Stored data:
※

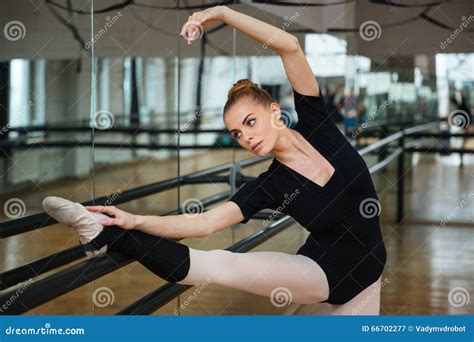 Ballerina Doing Stretching Exercises Stock Image Image Of Performer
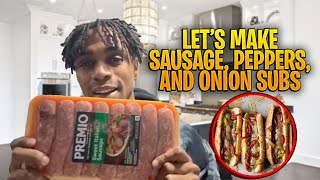 Lets Cook Sausage and Onion Subs [upl. by Fiester]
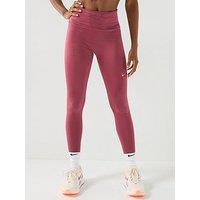 Nike Womens Tempo High-Waisted 7/8 Running Leggings - Pink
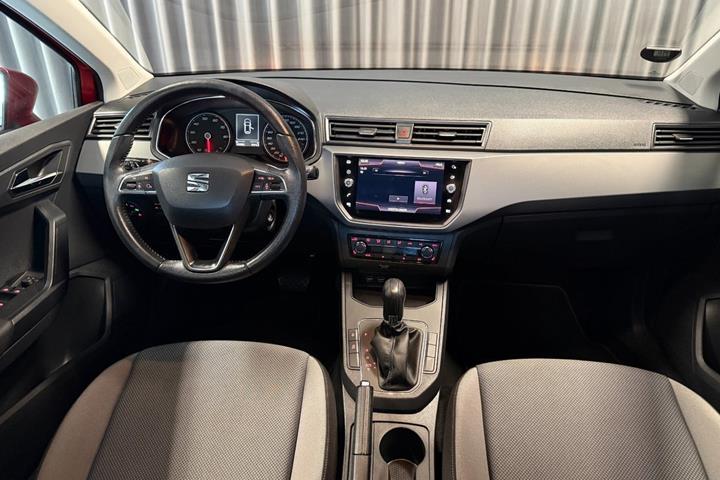Rød Seat Ibiza fra 2018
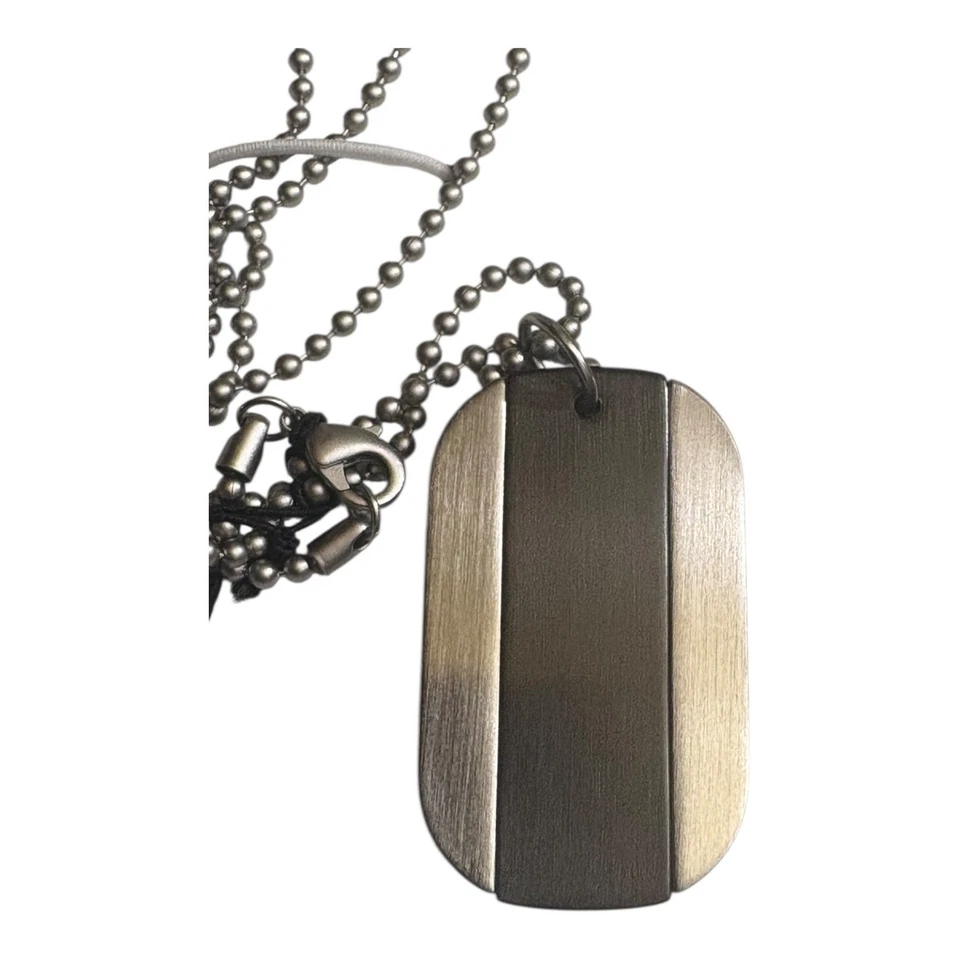 Kenneth Cole Men's Dog Tag Necklace 1 Piece Stainless Steel Chain - Image 3 of 3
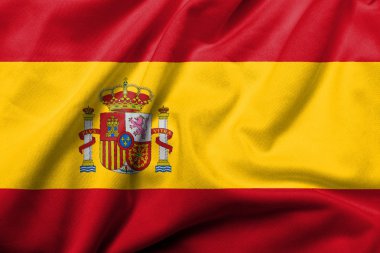 3D Flag of Spain satin clipart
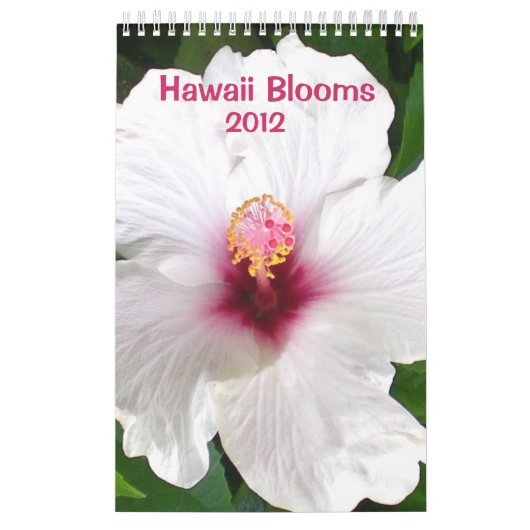 Hawaii Blooms Kalender (Hoes)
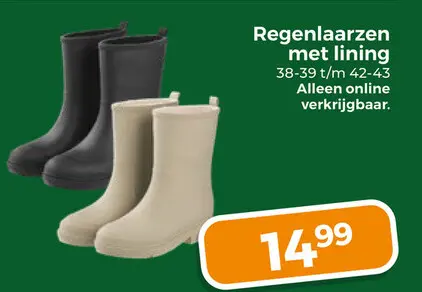 Aanbieding: Regenlaarzen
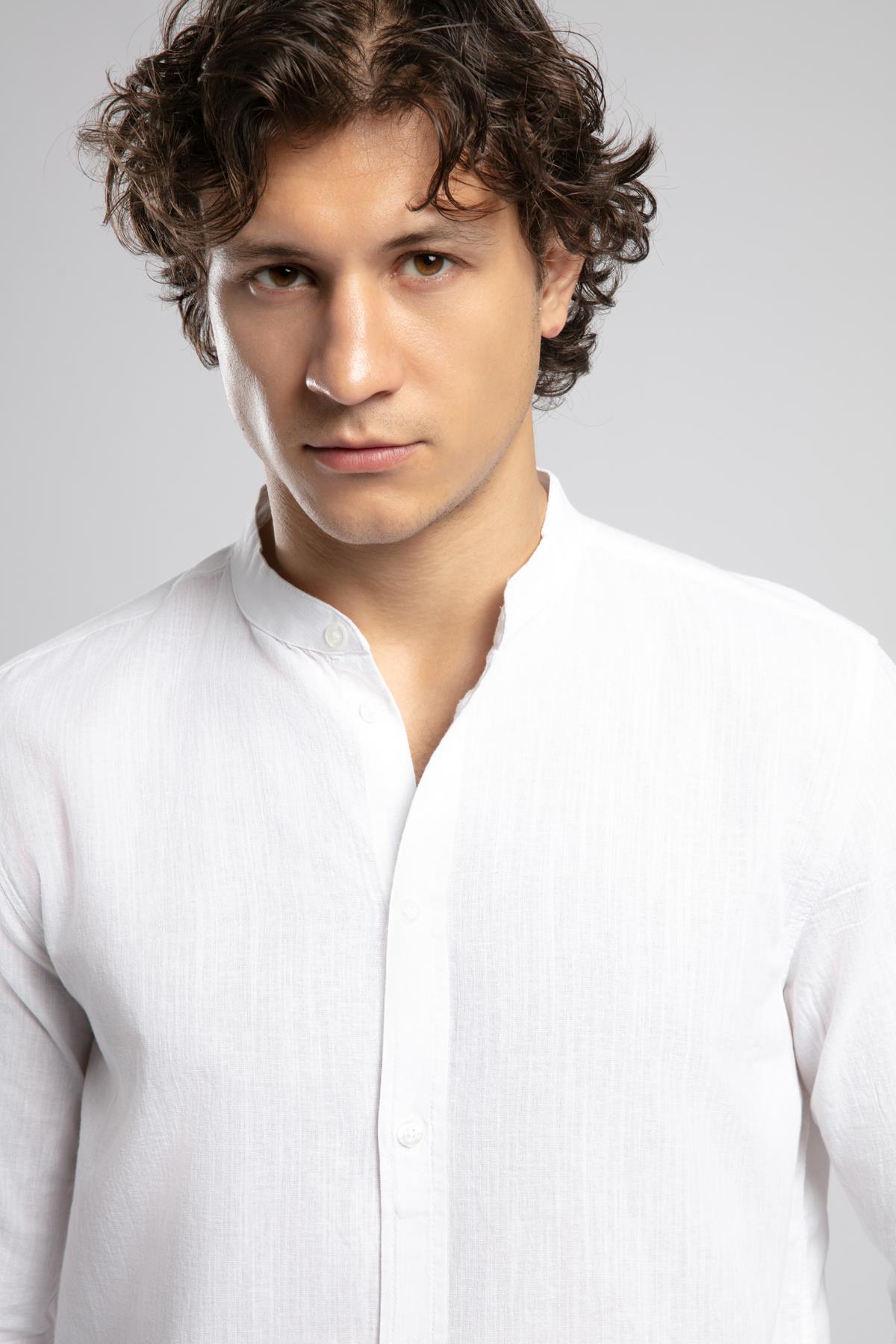 Julsa Erkek U.Kol Dokuma Gömlek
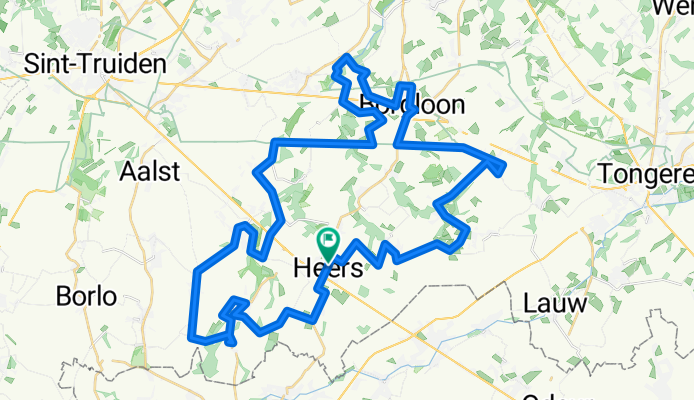De grote 'KATARAKT' fietsroute volgens fietscontreien 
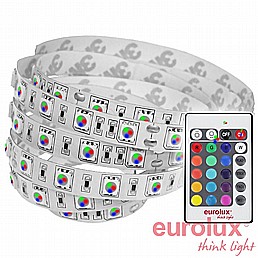 פסי לדים RGB עם שלט לתאורה אחורית לטלוויזיה פסי לדים RGB עם שלט לתאורה אחורית לטלוויזיה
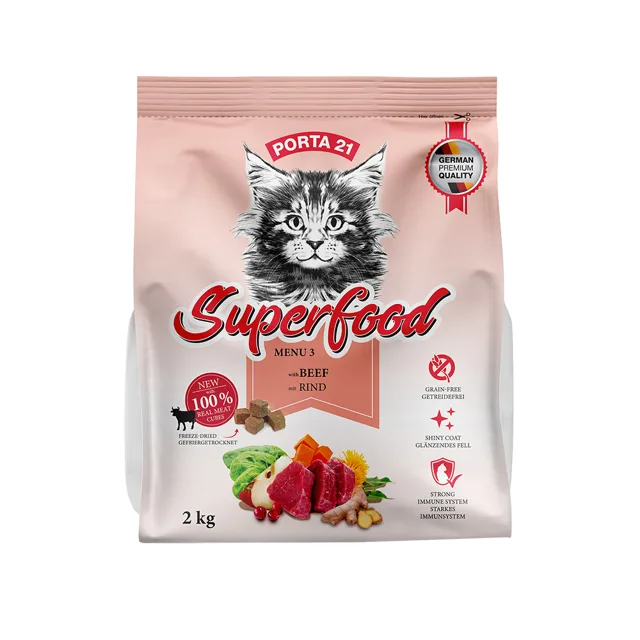 Porta 21 Superfood Menu 3 s hovězím - 2 kg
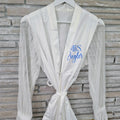 Personalized Tulle Sleeve Bridal Robe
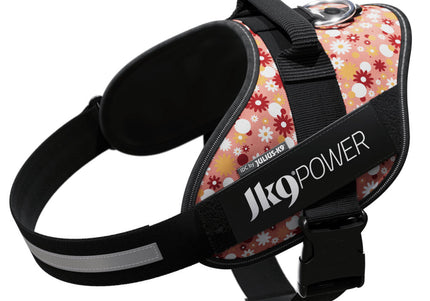 Julius-K9 IDC Powerharness Pink Flowers – Top Quality Floral Pattern Harness, Size 2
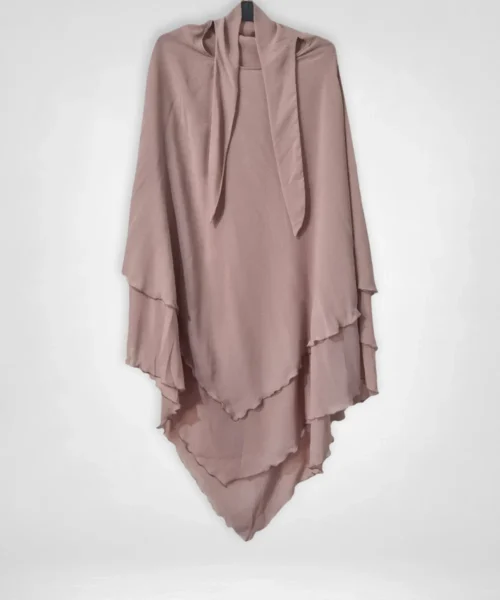 Short Diamond Cut Khimar – Lightweight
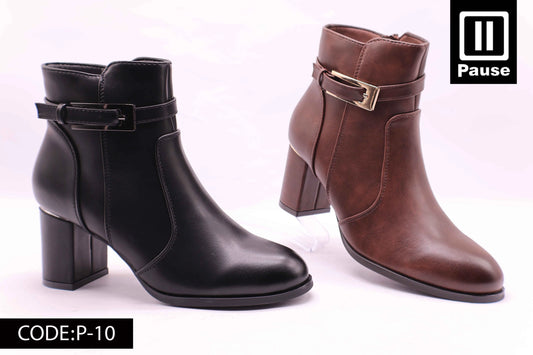 P-10 HEELED ANKLE BOOTS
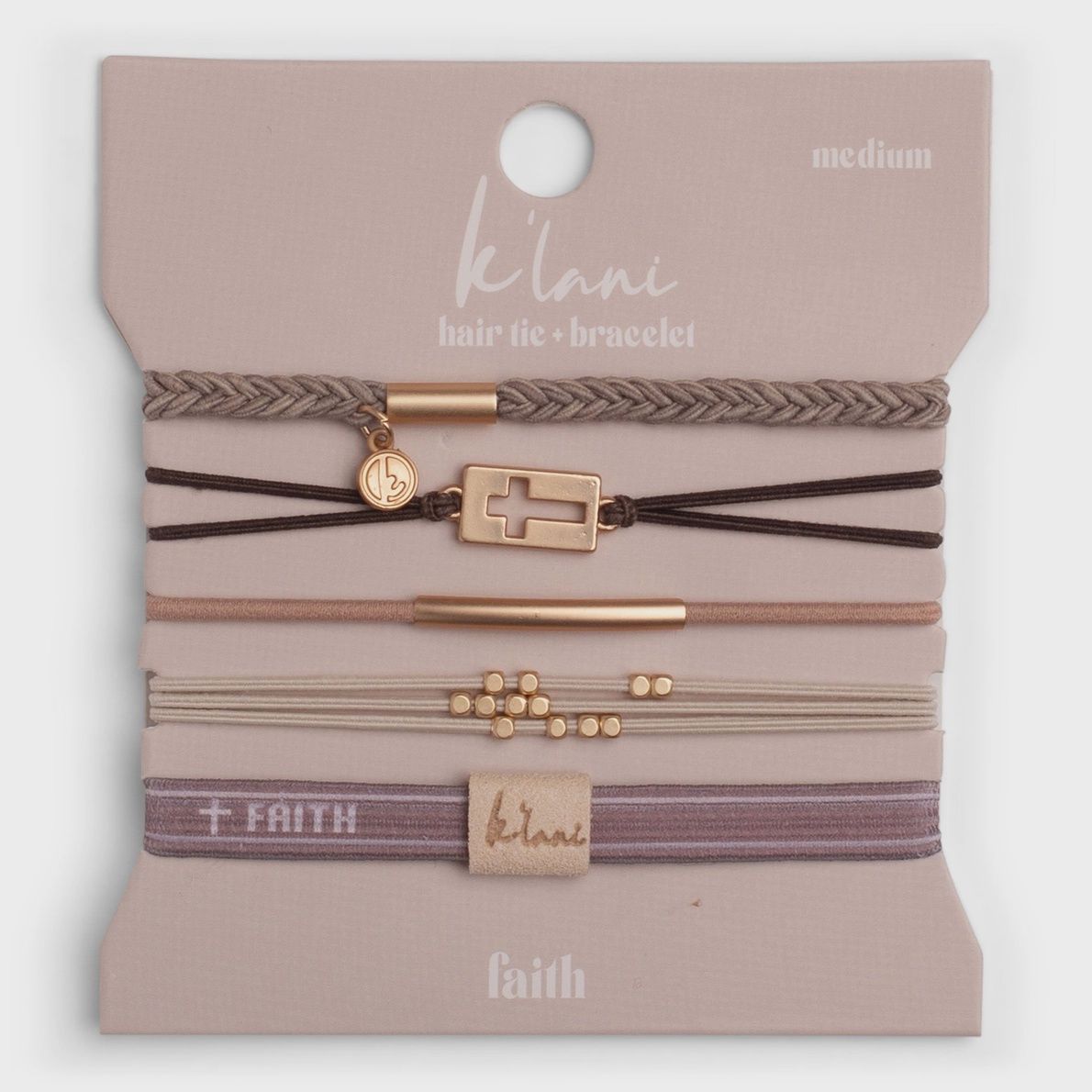 Faith Hair Bracelet Ties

※

## TO DO
From the records above, copy only the lines running from the line holding "3D Flag of Spain satin clipart" through the line holding "Personalized Tulle Sleeve Bridal Robe", with no pictures.

## EXERCISE RESPONSE
 3D Flag of Spain satin clipart
 Hawaii Blooms Kalender (Hoes)
 Aanbieding: Regenlaarzen
 Julsa Erkek U.Kol Dokuma Gömlek
De grote 'KATARAKT' fietsroute volgens fietscontreien 
 פסי לדים RGB עם שלט לתאורה אחורית לטלוויזיה פסי לדים RGB עם שלט לתאורה אחורית לטלוויזיה
 Porta 21 Superfood Menu 3 s hovězím - 2 kg
 Personalized Tulle Sleeve Bridal Robe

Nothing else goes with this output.